== Segment start ==
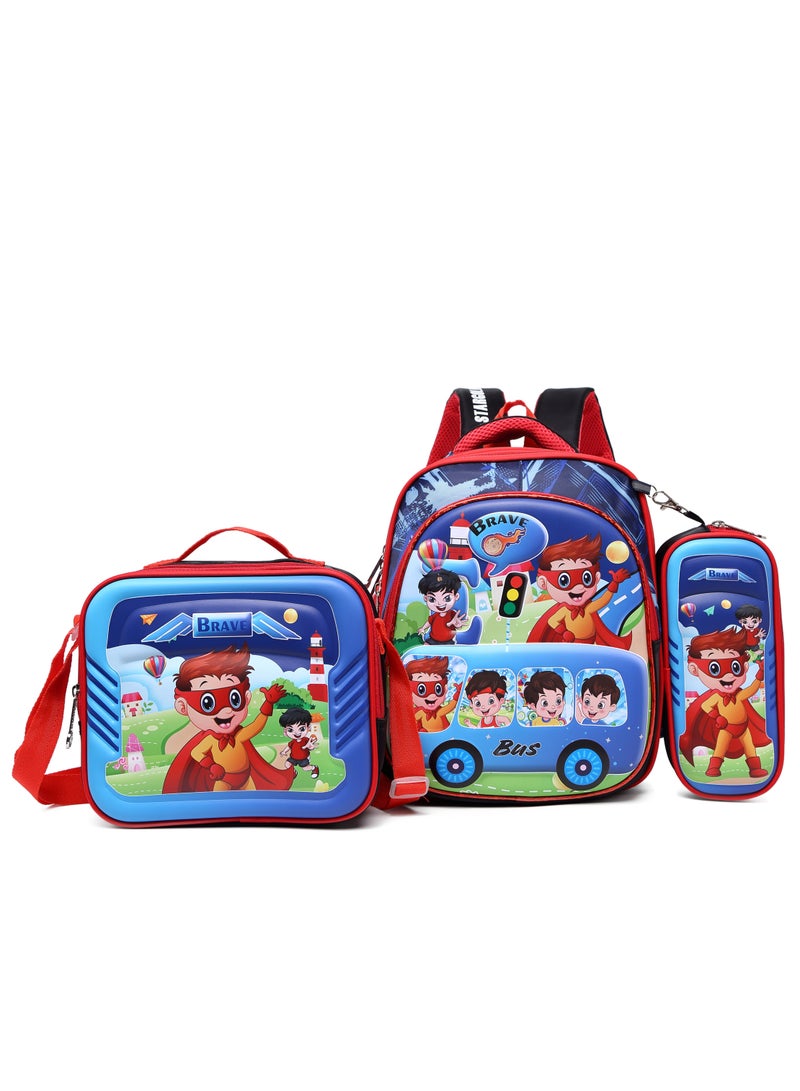 Stargold Baby Backpack 3Pcs Combo For Baby Girl With Adjustable Strap For School 12 Inch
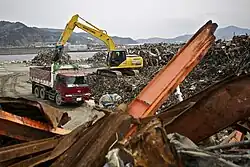 Tsunami cleanup in Japan.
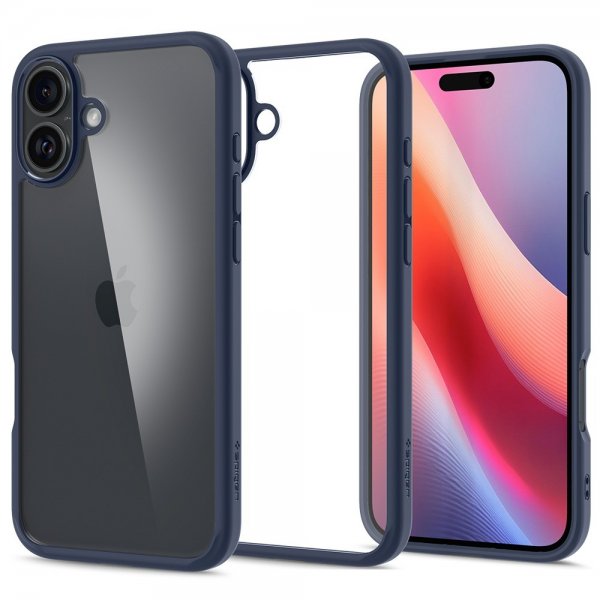Spigen iPhone 16 Deksel Ultra Hybrid Navy Blue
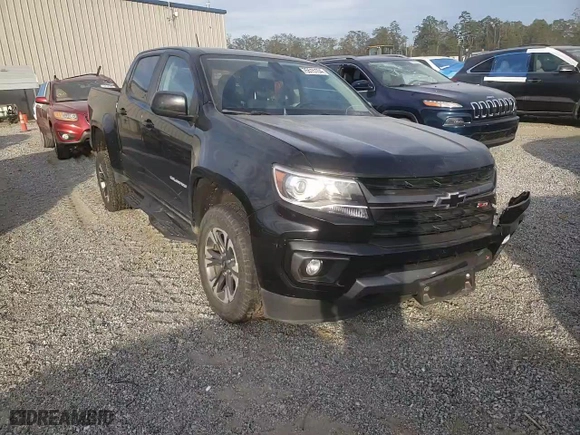 2021 Chevrolet Colorado 2WD Z71 with VIN 1GCGSDEN2M1243233, listed as a Copart auction lot 75515154 with 70,679 mi miles and Salvage Title. Bid and sale history available at carsss.com. Image 11.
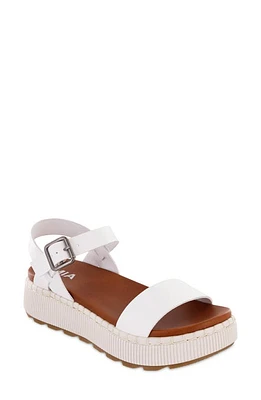 MIA Hayley Platform Sandal in White at Nordstrom, Size 8.5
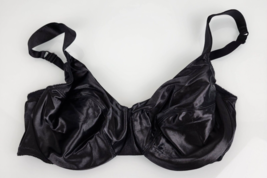 Victoria&#39;s Secret Second Skin Satin Full Coverage Bra 40D Black - £78.85 GBP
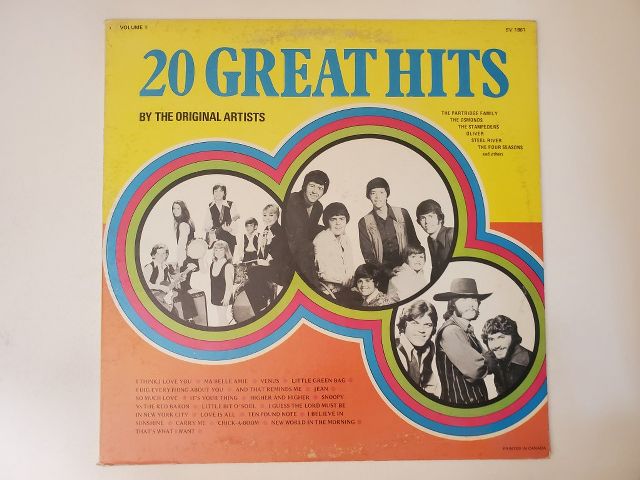 Various Artists 20 Great Hits Volume 1 vinyl record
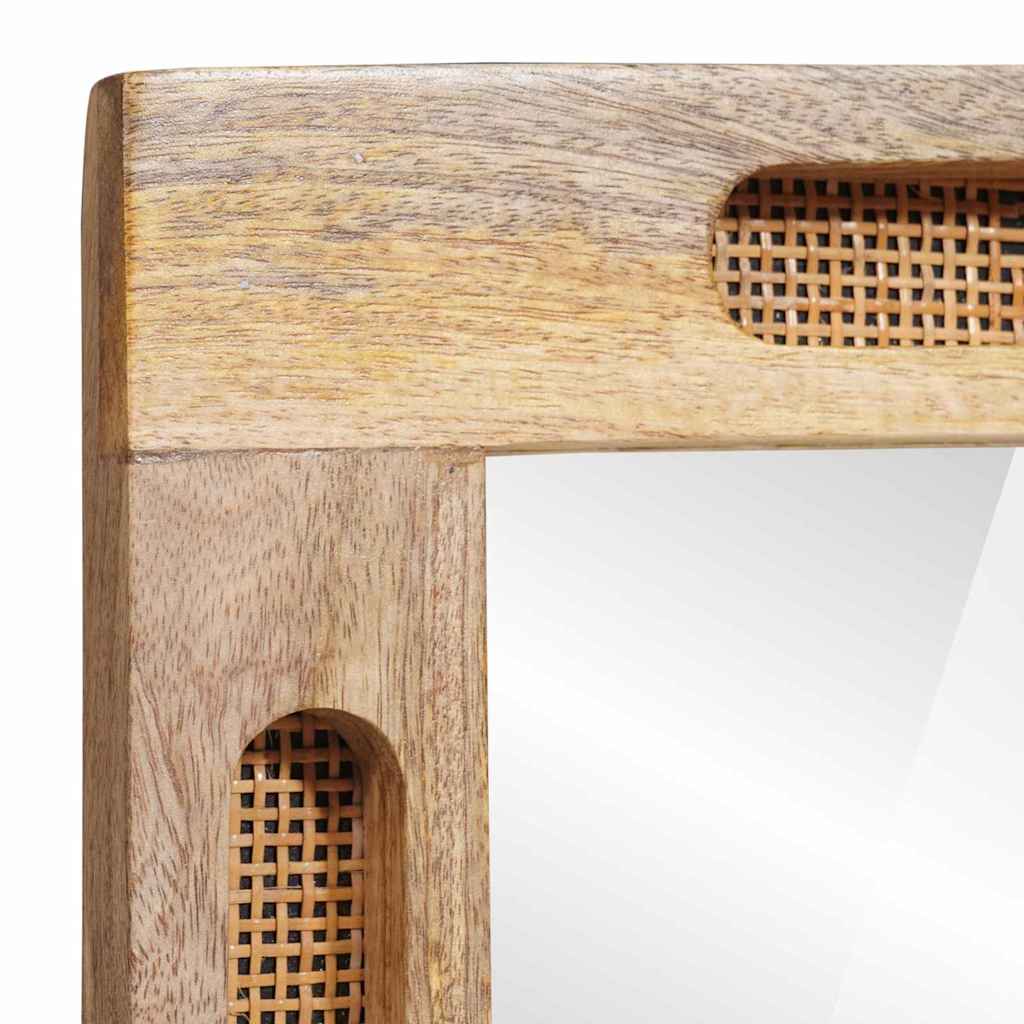 Specchio Da Bagno Con Specchio Marrone 50 X 70 X 3 cm - Image 4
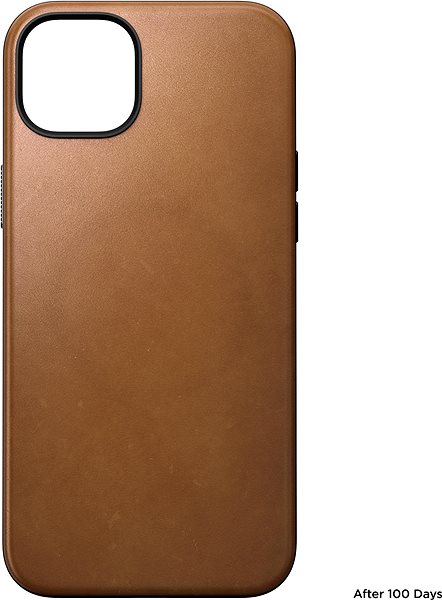 Telefon tok Nomad Modern Leather English Tan iPhone 15 Plus tok ...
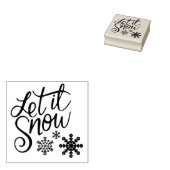 Laat het winterkerstfeest gaan sneeuwen 	rubberstempel (Gestempeld)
== Segment end ==
Action item =
The lines to be transcribed are those from the first line of the data above through the line holding "Victoria&#39;s Secret Second", inclusive; copy them exactly and only, leaving out the pictures.

Result for this exercise =
 Stargold Baby Backpack 3Pcs Combo For Baby Girl With Adjustable Strap For School 12 Inch
 Tsunami cleanup in Japan.
Spigen iPhone 16 Deksel Ultra Hybrid Navy Blue
 2021 Chevrolet Colorado 2WD Z71 with VIN 1GCGSDEN2M1243233, listed as a Copart auction lot 75515154 with 70,679 mi miles and Salvage Title. Bid and sale history available at carsss.com. Image 11.
 MIA Hayley Platform Sandal in White at Nordstrom, Size 8.5
 Victoria&#39;s Secret Second Skin Satin Full Coverage Bra 40D Black - £78.85 GBP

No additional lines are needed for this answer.